Brief =>
Excluding every picture, print exactly the lines from the one containing "应变计粘贴连接.ppt_第2页" through the end of the material below, both ends included.
*****
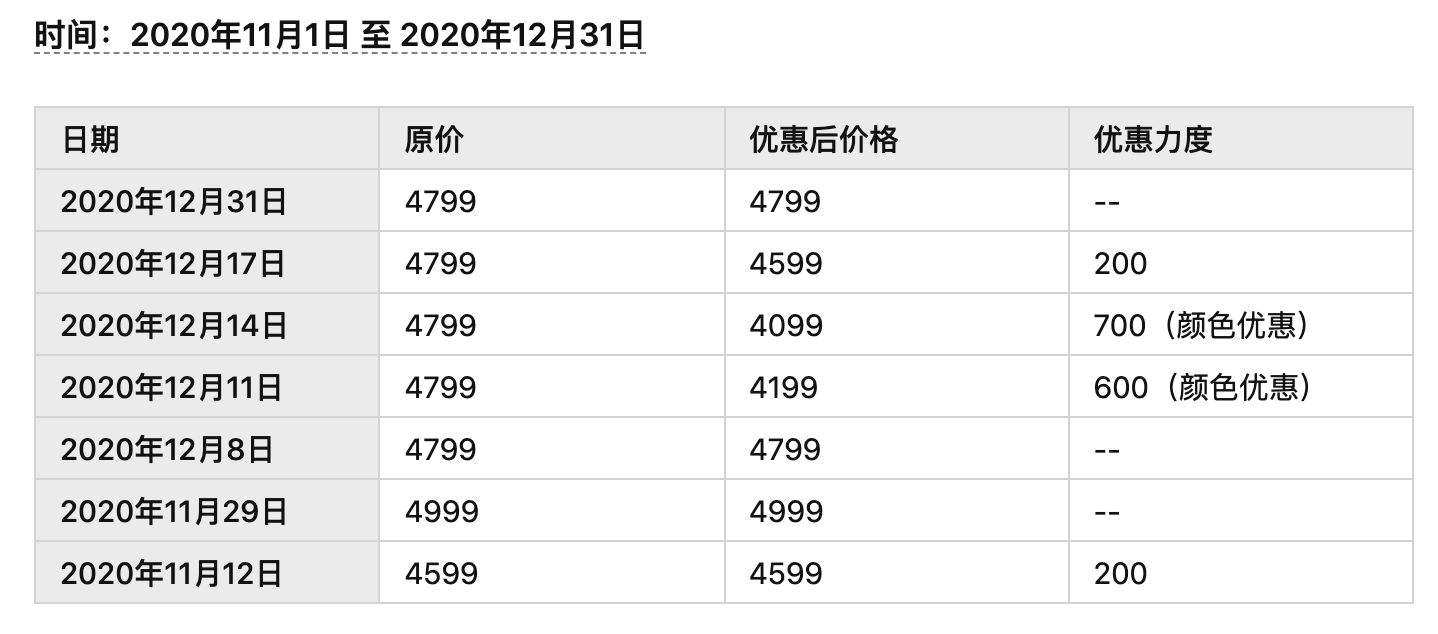 苹果手机价格表京东苹果手机官方价格表今日价格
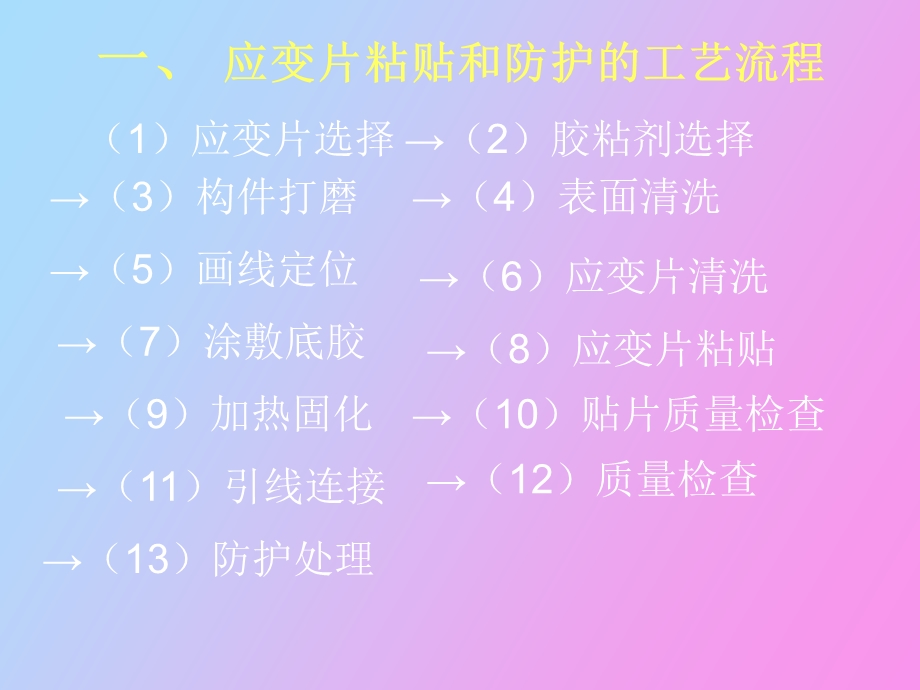 应变计粘贴连接.ppt_第2页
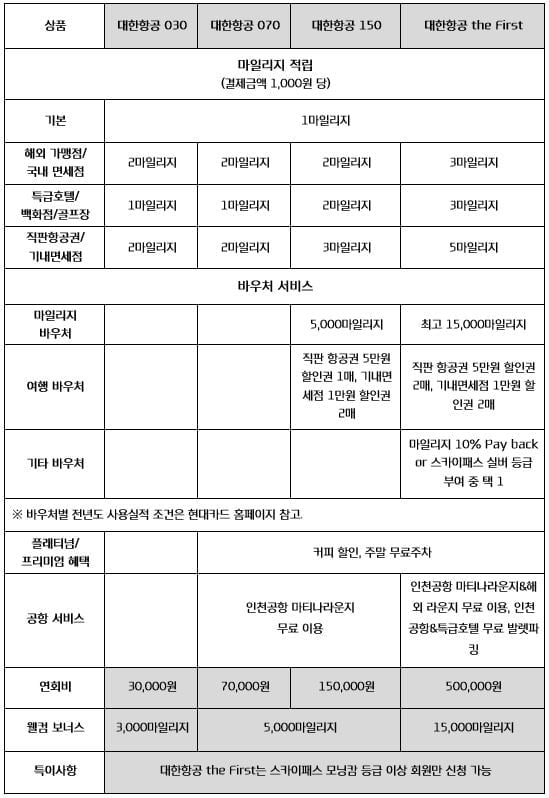 현대카드-대한항공 전용카드 출시…PLCC 카드가 대세?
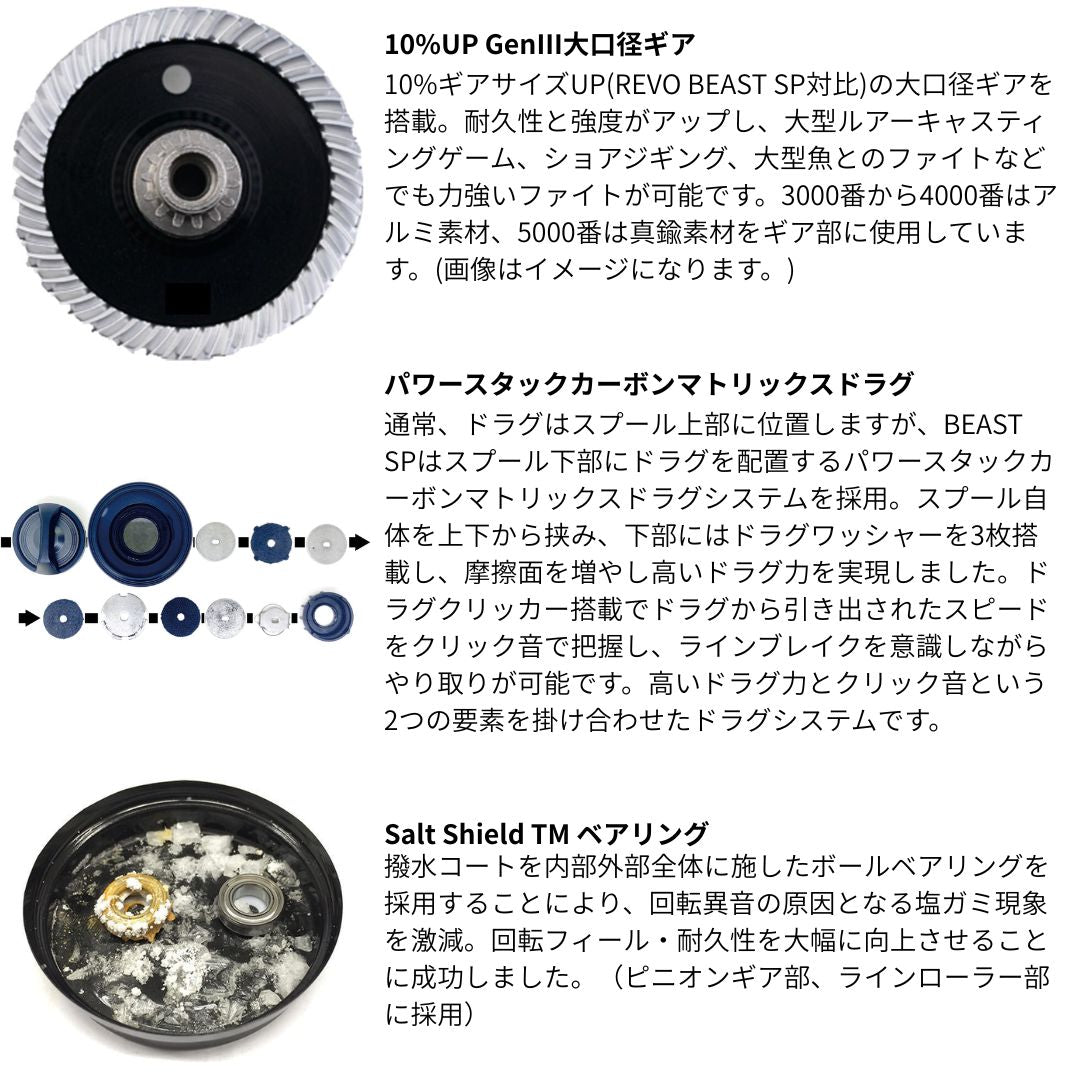 BEAST SP（ビースト SP）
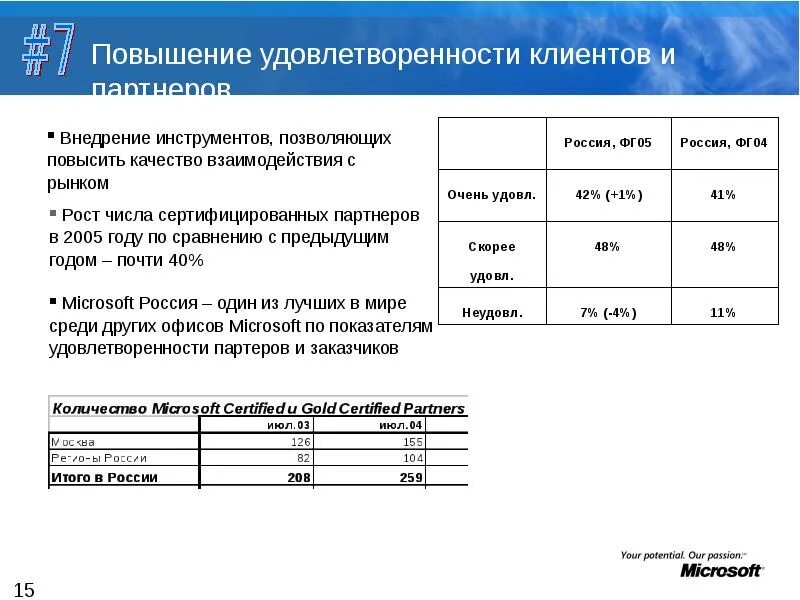 Повышение удовлетворенности клиентов. Повышение удовлетворенности потребителей. Как повысить удовлетворенность клиентов. Повышение степени удовлетворения клиентов.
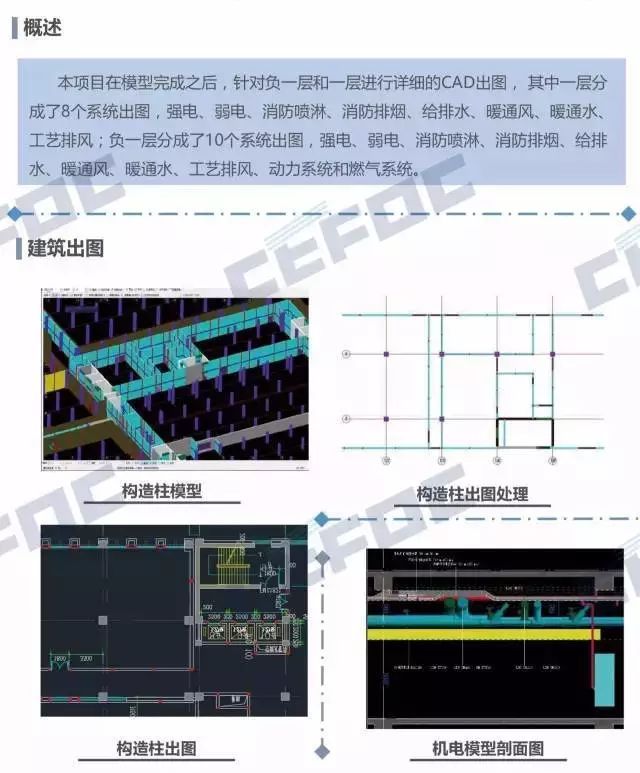 一个靠谱的BIM团队能为项目做些什么？最强实例告诉你！_39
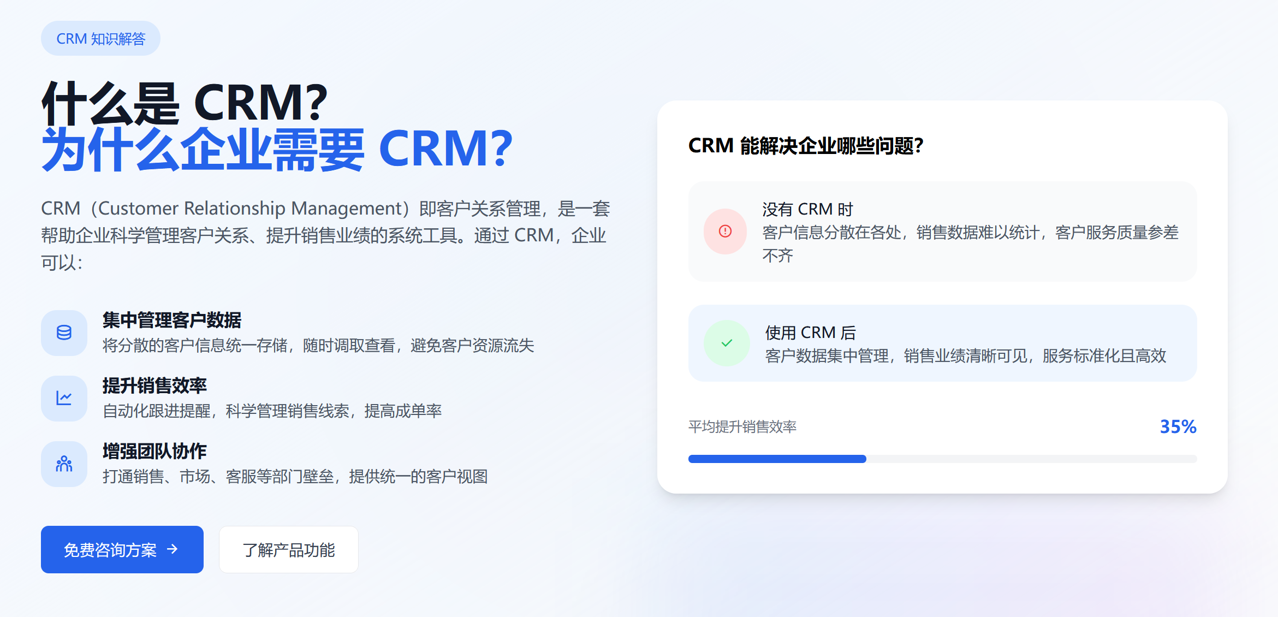 CRM客戶管理系統是什么，主流產品及費用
*****
Response area =>
 应变计粘贴连接.ppt_第2页
 현대카드-대한항공 전용카드 출시…PLCC 카드가 대세?
 BEAST SP（ビースト SP）
 Повышение удовлетворенности клиентов. Повышение удовлетворенности потребителей. Как повысить удовлетворенность клиентов. Повышение степени удовлетворения клиентов.
 一个靠谱的BIM团队能为项目做些什么？最强实例告诉你！_39
 CRM客戶管理系統是什么，主流產品及費用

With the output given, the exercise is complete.